Socratic Club hosts science, religion lecture
Published: Thursday, February 21, 2013
Updated: Thursday, February 21, 2013 02:02
Tonight at 7 p.m. in the LaSells Stewart Center, the Socratic Club will feature a lecture by distinguished chemist Dr. Henry F. Schaefer on the work of physicist Stephen Hawking, theories of the origin of the universe and God.
“Very rarely do we host single speakers,” said Dr. Gary Ferngren, OSU history professor and adviser to the Socratic Club, which typically organizes debates with speakers representing both sides of an issue. “In fact, we have only done something like this three other times. Dr. Schaefer seemed like a good exception, however.”
This exception was made in part because of Schaefer’s prestigious reputation. He received a bachelor’s degree in chemical physics from MIT and a Ph.D. in chemical physics from Stanford University.
Currently, Schaefer is the Graham Perdue Professor of Chemistry and director of the Center for Computational Chemistry at the University of Georgia.

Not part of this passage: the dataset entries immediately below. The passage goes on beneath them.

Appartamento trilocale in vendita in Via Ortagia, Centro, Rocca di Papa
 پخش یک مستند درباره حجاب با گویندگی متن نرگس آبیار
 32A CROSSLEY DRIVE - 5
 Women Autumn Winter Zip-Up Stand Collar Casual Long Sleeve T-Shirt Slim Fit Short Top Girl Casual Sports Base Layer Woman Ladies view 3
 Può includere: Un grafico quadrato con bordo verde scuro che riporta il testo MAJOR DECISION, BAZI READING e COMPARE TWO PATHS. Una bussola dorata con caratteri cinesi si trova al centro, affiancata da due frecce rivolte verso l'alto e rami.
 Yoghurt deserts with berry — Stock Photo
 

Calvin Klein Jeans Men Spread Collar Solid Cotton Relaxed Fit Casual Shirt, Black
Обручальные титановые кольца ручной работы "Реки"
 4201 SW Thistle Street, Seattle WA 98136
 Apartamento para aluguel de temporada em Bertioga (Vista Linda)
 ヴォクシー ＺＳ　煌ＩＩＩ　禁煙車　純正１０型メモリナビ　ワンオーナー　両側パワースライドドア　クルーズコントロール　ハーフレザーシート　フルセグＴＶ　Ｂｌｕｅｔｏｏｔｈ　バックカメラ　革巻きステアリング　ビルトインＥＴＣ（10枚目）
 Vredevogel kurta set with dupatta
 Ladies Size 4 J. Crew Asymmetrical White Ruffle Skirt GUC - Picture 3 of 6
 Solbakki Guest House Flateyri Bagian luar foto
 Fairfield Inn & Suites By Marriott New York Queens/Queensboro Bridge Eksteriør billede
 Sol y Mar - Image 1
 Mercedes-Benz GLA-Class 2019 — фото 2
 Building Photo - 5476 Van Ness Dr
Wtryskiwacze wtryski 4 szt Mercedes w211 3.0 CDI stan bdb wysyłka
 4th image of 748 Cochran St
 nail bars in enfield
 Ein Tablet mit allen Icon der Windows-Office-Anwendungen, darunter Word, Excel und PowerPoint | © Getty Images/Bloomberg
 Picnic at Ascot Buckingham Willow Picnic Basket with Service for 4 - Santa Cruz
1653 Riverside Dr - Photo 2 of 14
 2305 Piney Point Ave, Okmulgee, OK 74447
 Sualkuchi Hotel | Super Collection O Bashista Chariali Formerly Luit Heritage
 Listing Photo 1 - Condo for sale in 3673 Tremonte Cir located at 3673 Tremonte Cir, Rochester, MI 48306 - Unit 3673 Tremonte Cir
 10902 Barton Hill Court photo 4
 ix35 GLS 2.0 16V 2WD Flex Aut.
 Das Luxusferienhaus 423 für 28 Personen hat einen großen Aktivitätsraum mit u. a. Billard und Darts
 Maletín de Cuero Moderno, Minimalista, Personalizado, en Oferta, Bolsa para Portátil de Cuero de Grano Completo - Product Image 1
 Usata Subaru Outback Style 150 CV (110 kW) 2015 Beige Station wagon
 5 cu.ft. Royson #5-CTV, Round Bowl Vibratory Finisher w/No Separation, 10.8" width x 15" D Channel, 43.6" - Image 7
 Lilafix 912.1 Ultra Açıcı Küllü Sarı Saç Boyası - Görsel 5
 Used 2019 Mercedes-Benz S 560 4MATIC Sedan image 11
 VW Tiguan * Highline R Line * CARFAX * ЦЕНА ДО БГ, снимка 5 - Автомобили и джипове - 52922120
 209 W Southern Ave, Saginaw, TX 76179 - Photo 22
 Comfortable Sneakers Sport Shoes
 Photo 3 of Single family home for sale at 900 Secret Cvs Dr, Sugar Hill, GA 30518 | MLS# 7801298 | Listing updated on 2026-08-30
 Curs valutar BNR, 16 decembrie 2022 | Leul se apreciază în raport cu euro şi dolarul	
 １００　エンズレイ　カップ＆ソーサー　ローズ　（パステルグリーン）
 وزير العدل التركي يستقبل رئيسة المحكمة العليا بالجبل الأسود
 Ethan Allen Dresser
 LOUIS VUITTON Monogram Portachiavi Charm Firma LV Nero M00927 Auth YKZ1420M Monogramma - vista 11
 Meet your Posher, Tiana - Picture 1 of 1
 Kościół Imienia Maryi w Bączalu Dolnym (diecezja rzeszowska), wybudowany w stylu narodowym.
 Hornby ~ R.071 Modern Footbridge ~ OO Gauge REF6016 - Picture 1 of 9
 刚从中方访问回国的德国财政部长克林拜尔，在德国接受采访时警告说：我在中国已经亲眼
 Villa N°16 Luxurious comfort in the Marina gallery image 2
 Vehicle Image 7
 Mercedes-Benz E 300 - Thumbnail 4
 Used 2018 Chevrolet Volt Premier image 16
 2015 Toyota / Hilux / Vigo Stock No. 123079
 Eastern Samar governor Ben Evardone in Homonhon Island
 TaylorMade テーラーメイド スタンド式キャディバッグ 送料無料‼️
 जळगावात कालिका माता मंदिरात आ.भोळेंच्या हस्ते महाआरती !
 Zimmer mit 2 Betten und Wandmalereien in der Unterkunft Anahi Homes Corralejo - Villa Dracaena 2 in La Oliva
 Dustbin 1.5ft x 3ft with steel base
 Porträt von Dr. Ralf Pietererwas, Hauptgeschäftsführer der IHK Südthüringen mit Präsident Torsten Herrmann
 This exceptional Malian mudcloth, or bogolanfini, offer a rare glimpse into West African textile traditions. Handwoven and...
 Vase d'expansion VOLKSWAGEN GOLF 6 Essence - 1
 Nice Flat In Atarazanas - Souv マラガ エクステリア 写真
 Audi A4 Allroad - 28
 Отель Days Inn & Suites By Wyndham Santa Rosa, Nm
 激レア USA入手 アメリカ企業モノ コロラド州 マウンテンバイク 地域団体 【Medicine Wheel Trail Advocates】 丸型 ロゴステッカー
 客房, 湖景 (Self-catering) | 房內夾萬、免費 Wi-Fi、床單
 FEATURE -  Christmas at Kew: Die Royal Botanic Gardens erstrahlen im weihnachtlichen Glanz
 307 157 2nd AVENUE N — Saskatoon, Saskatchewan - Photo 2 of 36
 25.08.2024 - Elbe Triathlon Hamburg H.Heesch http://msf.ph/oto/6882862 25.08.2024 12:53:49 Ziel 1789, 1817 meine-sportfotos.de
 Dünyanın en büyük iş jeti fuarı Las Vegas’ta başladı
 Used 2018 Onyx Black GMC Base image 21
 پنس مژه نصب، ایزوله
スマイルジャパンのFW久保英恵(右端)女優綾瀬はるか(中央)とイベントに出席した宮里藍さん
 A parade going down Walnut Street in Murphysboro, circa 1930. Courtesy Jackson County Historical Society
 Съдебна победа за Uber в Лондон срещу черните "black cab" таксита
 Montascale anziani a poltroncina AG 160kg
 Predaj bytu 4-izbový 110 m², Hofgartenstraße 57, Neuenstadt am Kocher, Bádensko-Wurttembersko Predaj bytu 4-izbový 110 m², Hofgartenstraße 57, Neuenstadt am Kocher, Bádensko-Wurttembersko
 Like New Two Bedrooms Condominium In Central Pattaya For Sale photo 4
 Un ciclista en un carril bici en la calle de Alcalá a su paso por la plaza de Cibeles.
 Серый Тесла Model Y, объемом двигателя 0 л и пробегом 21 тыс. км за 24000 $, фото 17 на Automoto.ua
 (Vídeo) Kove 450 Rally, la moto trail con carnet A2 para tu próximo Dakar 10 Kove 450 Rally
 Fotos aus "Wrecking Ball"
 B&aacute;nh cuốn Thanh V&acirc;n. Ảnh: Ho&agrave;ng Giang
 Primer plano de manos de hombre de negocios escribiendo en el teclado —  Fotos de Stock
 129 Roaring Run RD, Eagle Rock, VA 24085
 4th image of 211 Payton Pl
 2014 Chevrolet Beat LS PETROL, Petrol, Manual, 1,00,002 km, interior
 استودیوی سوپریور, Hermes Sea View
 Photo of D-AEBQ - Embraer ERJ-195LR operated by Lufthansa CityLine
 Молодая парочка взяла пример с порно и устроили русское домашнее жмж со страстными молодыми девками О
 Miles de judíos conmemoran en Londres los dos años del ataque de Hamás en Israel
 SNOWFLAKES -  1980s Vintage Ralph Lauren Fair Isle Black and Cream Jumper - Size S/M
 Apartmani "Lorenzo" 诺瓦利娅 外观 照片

His research involves solving important problems in molecular quantum mechanics. With over 1,300 publications between 1981 and 1997, Schaefer was the sixth-most cited chemist in the world.
He has received many distinguished awards, including the Schroedinger Medal and the Ira Remsen Award of the American Chemical Society.
A scientist and a Christian, Schaefer has presented many lectures throughout the nation on the relationship between science and Christianity. He is the author of “Science and Christianity: Conflict or Coherence.”
“I’m interested to see what a scientist rather than a humanist says about religion and science,” Ferngren said.
In his presentation, Schaefer will discuss leading theories about the beginning of time, space and life’s existence. From his perspective as both a scientist and a Christian, Schaefer will explore the Big Bang Theory, suggesting that it shapes not only the understanding of the origin of life, but the nature of God as well.
“I’m expecting an interesting perspective on both science and Christianity from Dr. Schaefer,” said Socratic Club president Matt Rueben. “I think he will take an approach of harmonizing both science and Christianity, which will be refreshing to see the two come together.”
The Socratic Club, largely founded on the principle of Thomas C. Haliburton’s quote: “Hear one side and you will be in the dark. Hear both and all will be clear,” still seeks to provide time for multi-sided thought and discussion on the lecture. After the seminar, the audience will have an opportunity to ask Schaefer questions.
“I’m excitied to hear the questions of the audience,” Reuben said. “With a single-speaker lecture, this will still provide an opportunity to hopefully evoke more views on the topic than just the speaker’s.”
For those who wish to see the presentation but cannot make it to the LaSells Center, a live stream of the event can be accessed at live.oregonstate.edu, and made available on YouTube later. As always, the event is free.